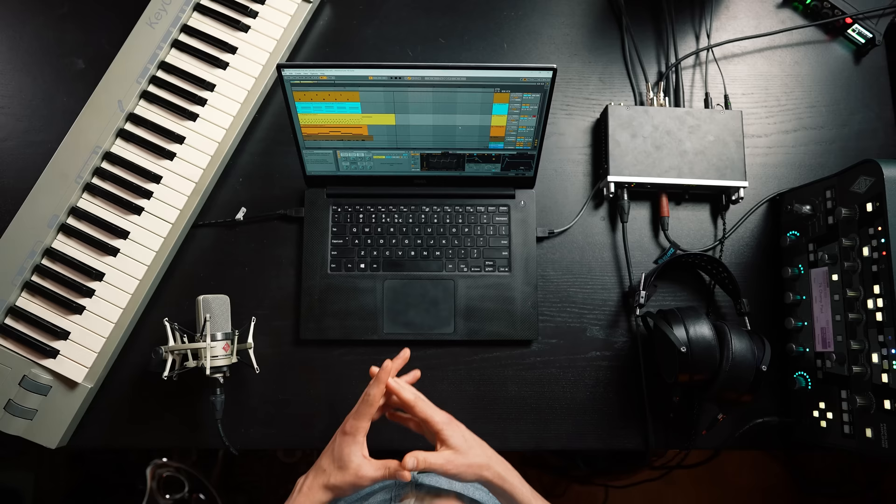At number nine: cables — so easily forgotten. Make sure you've got a mix of everything: USB, jack, XLR cables, and jack-to-XLR for things like your speakers — balanced and unbalanced. It's the best way to connect your mics, gear, instruments, and amp modeler. It's difficult to have too many cables, and I've found I simply couldn't use something just because I didn't have the right cable. My goal is always to make music as hassle-free as possible, and that means having what you need to hook everything up.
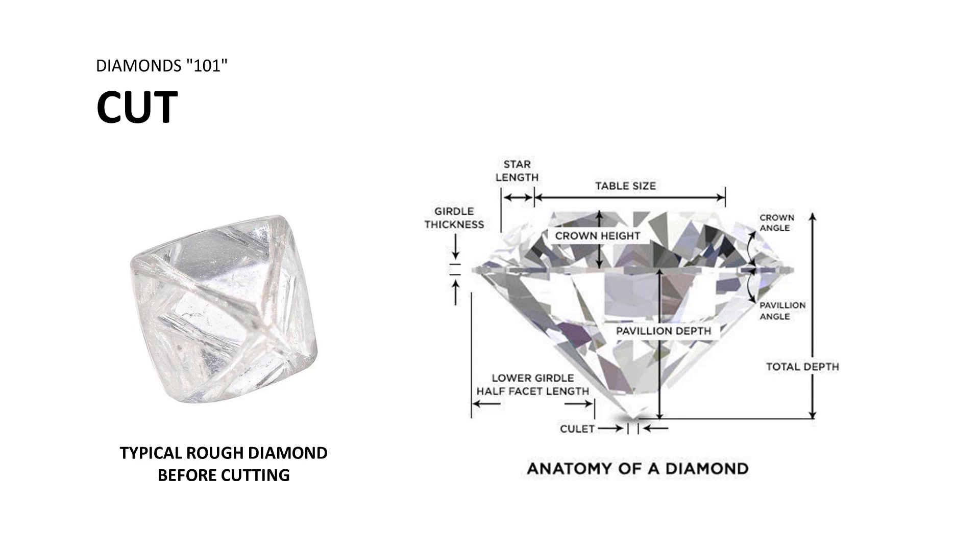Now we're talking about our final C of the four C's, namely cut. Here we aren't talking about the shape of the stone, but rather the quality of the cut itself, which is mainly correlated to the amount of brilliance or light reflectivity on a spectrum with other diamonds of the same shape. An emerald shaped diamond is not going to be as brilliant as a round shape, but that doesn't mean an emerald shaped diamond can't achieve a cut grade of excellent. The cut is graded relative to the standard for that shape.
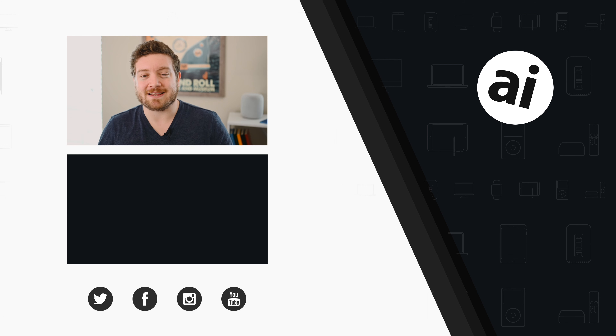Hey everyone, did you guys like that video? Be sure to click on that like button so we can create content that we know you guys want to see. Follow Apple Insider on all social media channels. If you want the best prices on any Apple gear, check out the Apple Insider price guide that is updated daily. Until next time, we'll see you later.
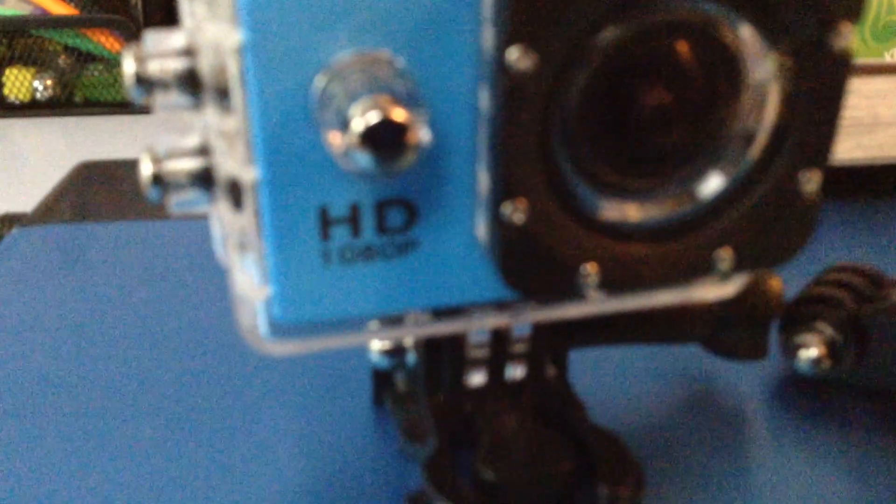In a while we'll be doing some action camera stuff. This is my epic action camera review.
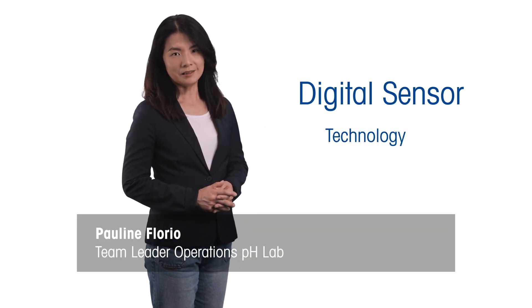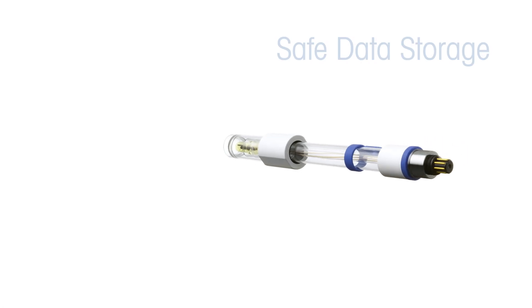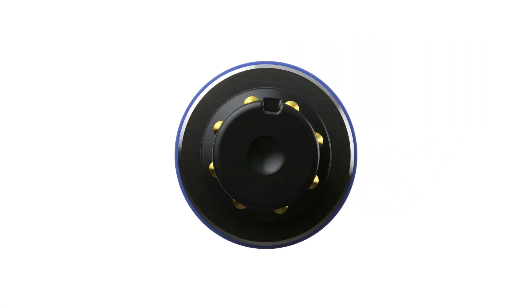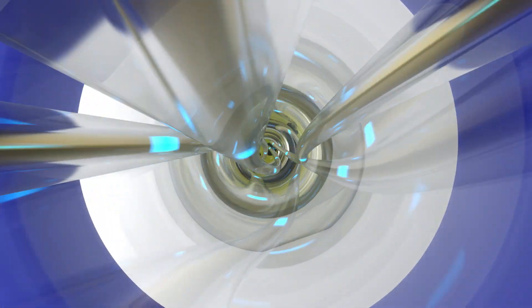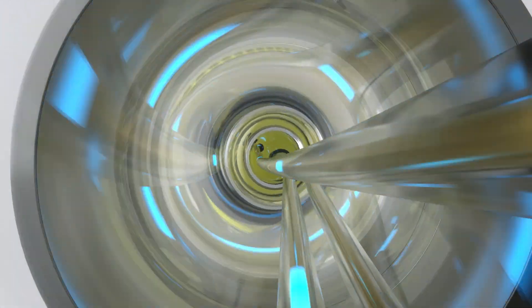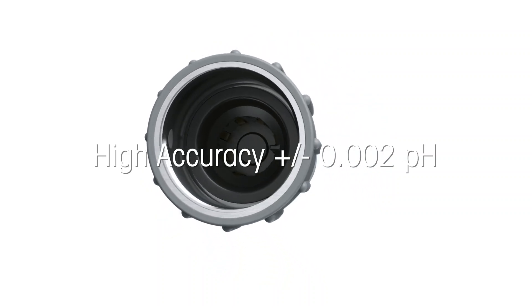At the heart of the 9Focus system is new digital sensor technology. We built it to work smarter and streamline your workflow. The sensors don't just measure — they store and manage data for simple retrieval. The sensor chip continuously communicates with the meter, saving your time and ensuring full data traceability. They are recognized automatically without a complicated setup. And because the system is designed for the highest requirements, it picks up even the smallest pH change with an accuracy of ±0.002 pH.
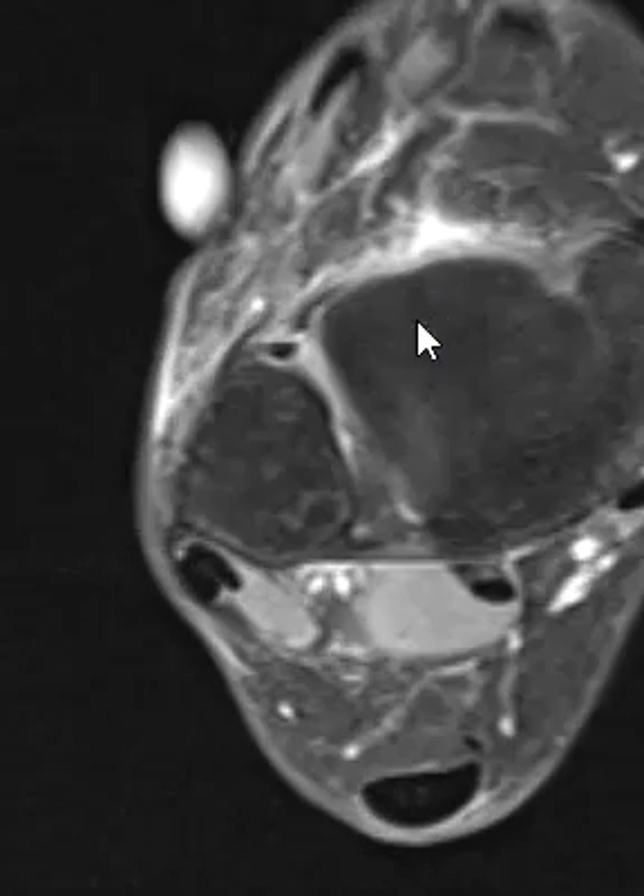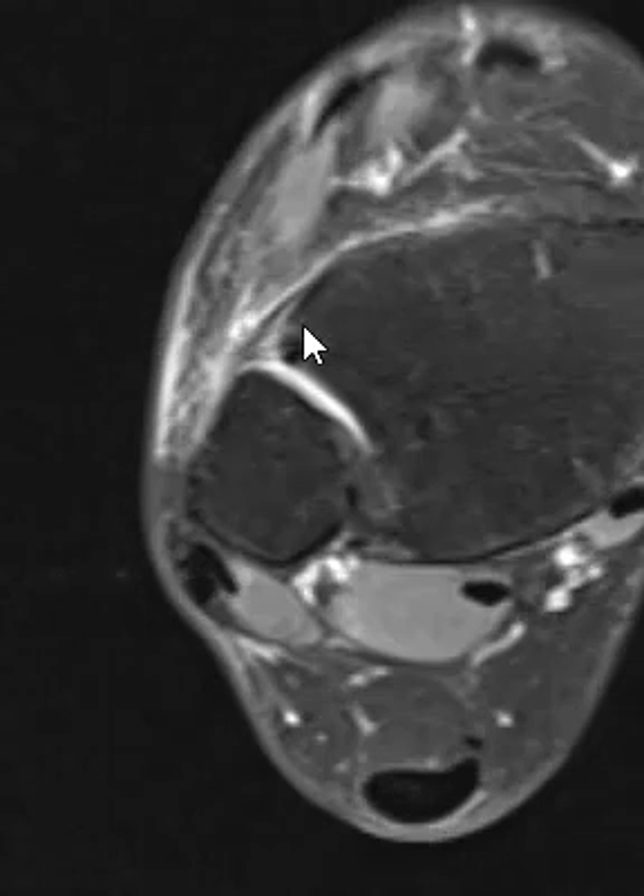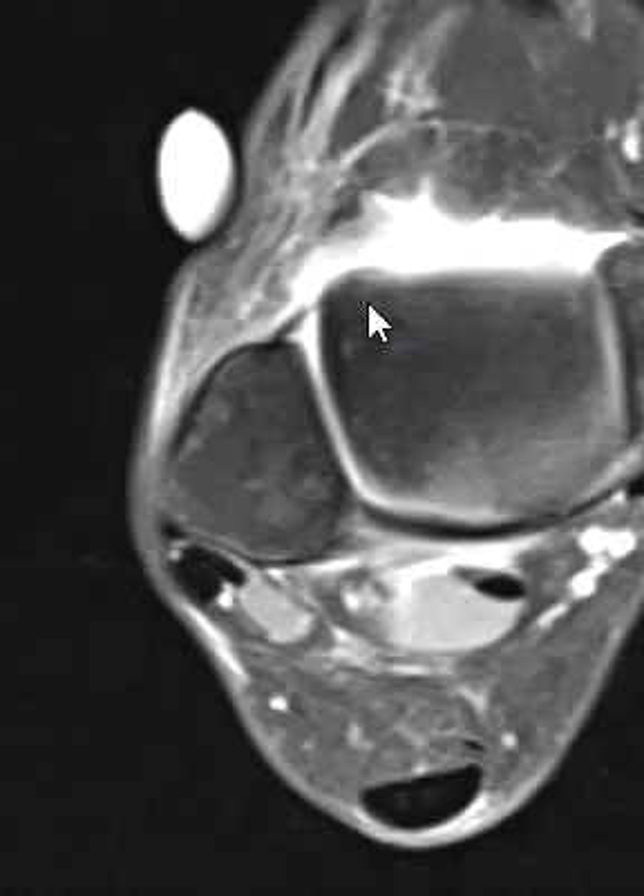If we come up here to this other one above the joint, this is the tibial fibular ligament. It's not quite normal — it looks like it has a sprain of the anterior tibial fibular ligament as well.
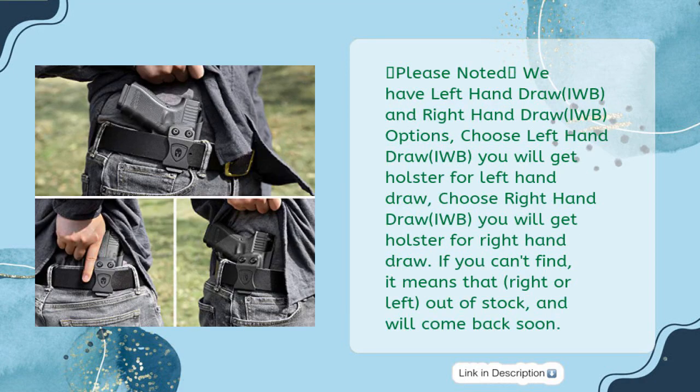Please note: left-hand draw IWB and right-hand draw IWB options are available. Choose left-hand draw IWB to get a holster for left-hand draw; choose right-hand draw IWB to get a holster for right-hand draw. If you can't find it, it means that right or left is out of stock and will come back soon.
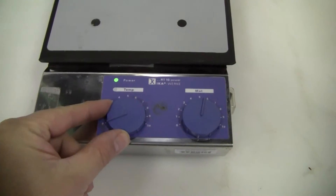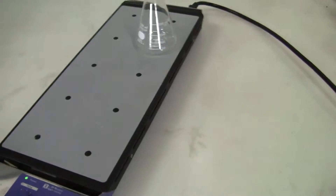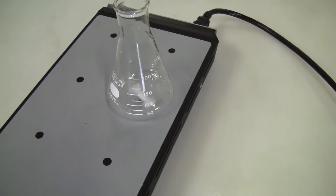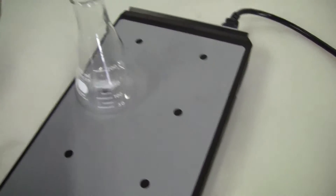You can see the temperature here and the motor control speed. We have a 250 ml flask — probably the highest you really want to go on that.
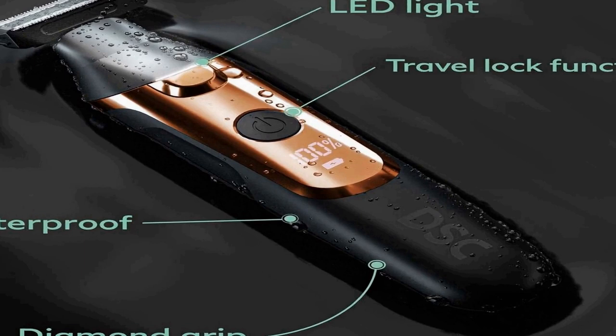Two heads are cleaner than one — the two heads keep your beard and body separate, because shaving both with the same trimmer is gross. To help reduce plastic waste and support international compatibility, the double-header electric trimmer includes a USB-based power cord without a traditional power adapter. For questions, contact Dollar Shave Club Pro at members@dollarshaveclub.com.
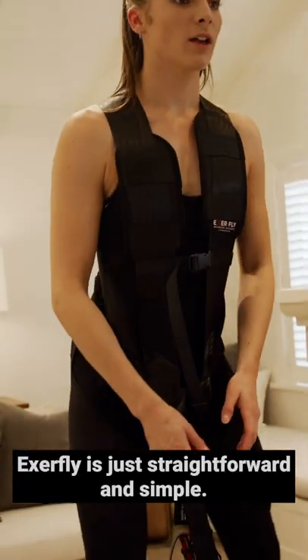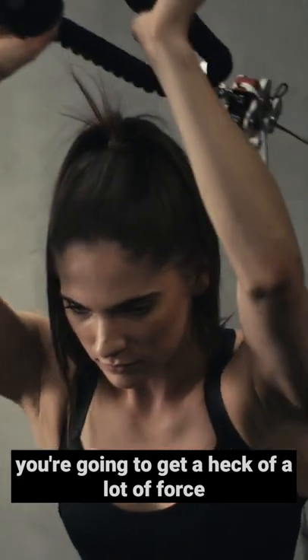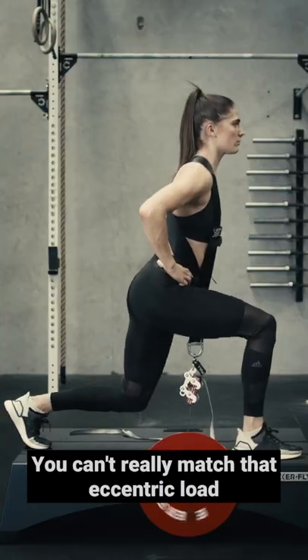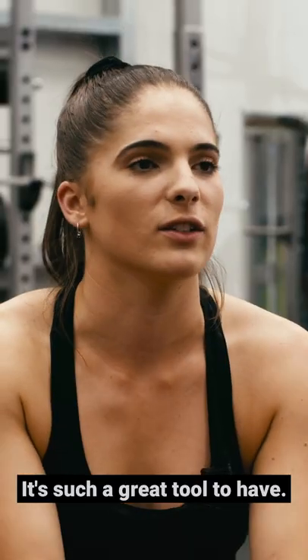XFI is just straightforward and simple. You jump on, you pull through it, and especially with the motorized version you're gonna get a heck of a lot of force pulling you back down again. You can't really match that eccentric load with many other things. It's such a great tool to have.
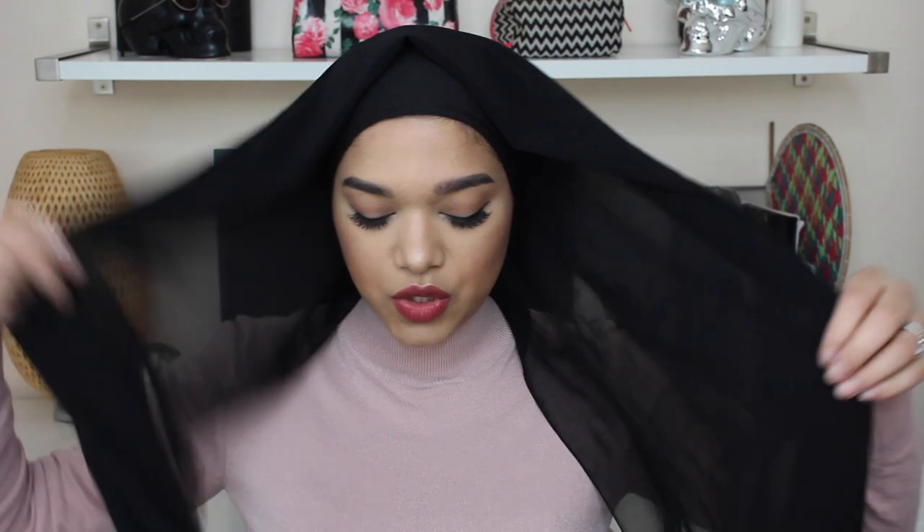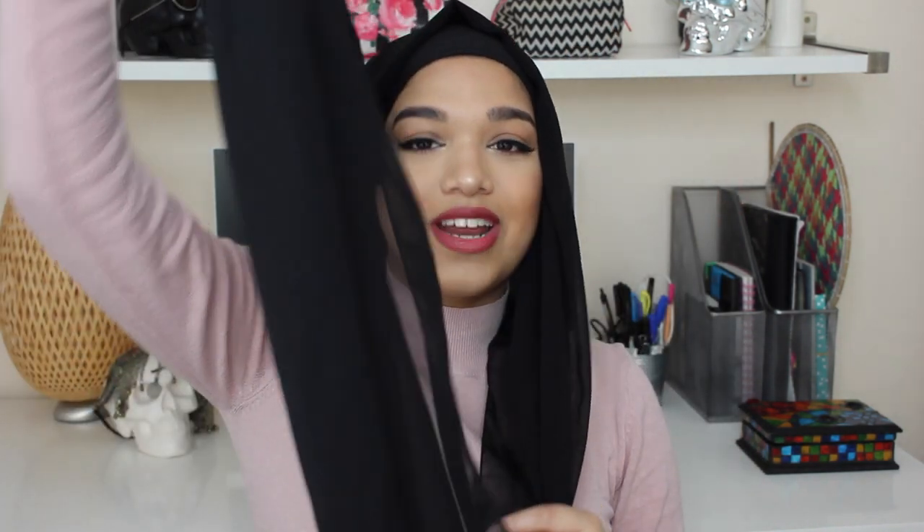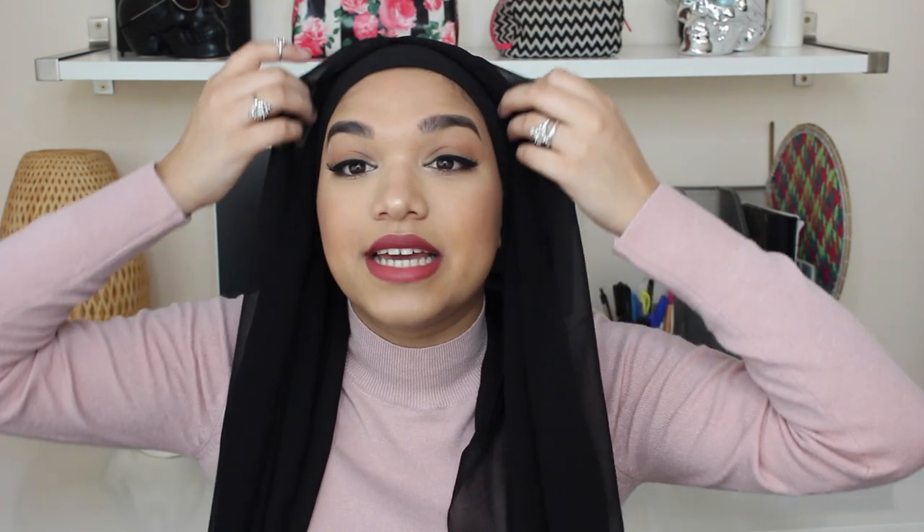Let's just jump straight into this hijab tutorial. You want to start off with your underscarf on, and then get your rectangle hijab and place it on your head like so. If you want to fold it for a cleaner edge, you can, but it's totally up to you. You're going to have one short side and one really long side. I always have the short side coming down near my belly button — that's just my reference when I do my hijab.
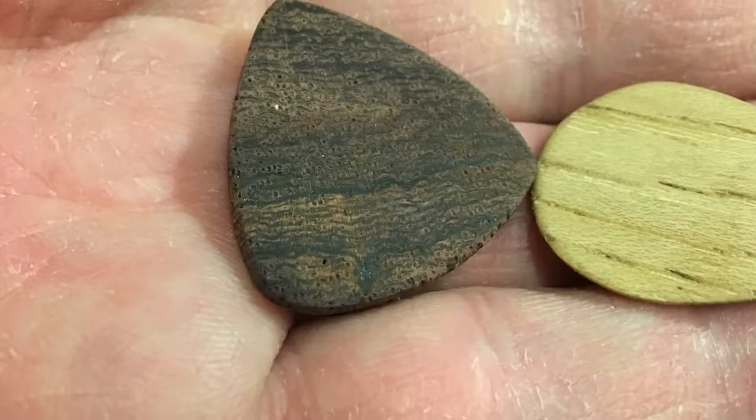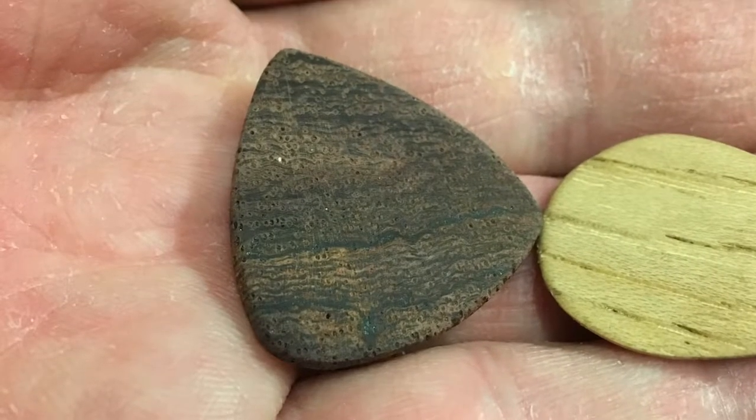We're going to look at the classic nylon picks, plastic picks, whatever they're made of. And some good old wooden picks. We've got rosewood and hickory.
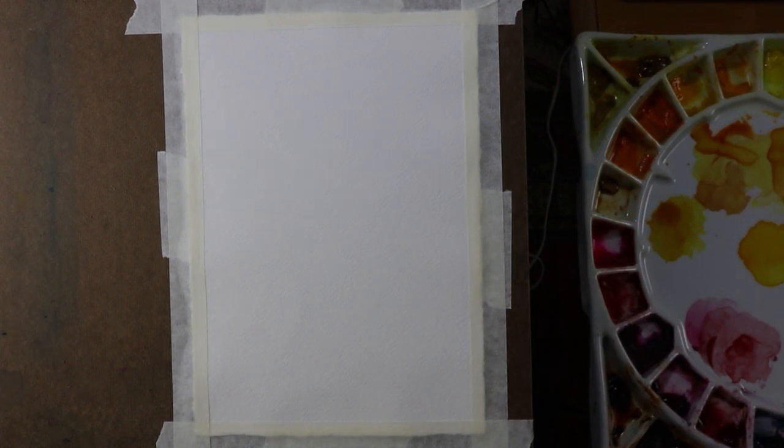Since I started my video, my power went out. You can probably hear my generator in the background — sorry about that, hopefully you can still hear me. Before I get started with the painting, I want to talk a bit about supplies. A lot of people ask me what I'm using.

══════

_Work instruction:_ An exact transcription is needed of the lines from the one with "Now we're talking" to the one with "In a while we'll" above, both ends included, with pictures left out.

_Solved problem:_
Now we're talking about our final C of the four C's, namely cut. Here we aren't talking about the shape of the stone, but rather the quality of the cut itself, which is mainly correlated to the amount of brilliance or light reflectivity on a spectrum with other diamonds of the same shape. An emerald shaped diamond is not going to be as brilliant as a round shape, but that doesn't mean an emerald shaped diamond can't achieve a cut grade of excellent. The cut is graded relative to the standard for that shape.
Hey everyone, did you guys like that video? Be sure to click on that like button so we can create content that we know you guys want to see. Follow Apple Insider on all social media channels. If you want the best prices on any Apple gear, check out the Apple Insider price guide that is updated daily. Until next time, we'll see you later.
In a while we'll be doing some action camera stuff. This is my epic action camera review.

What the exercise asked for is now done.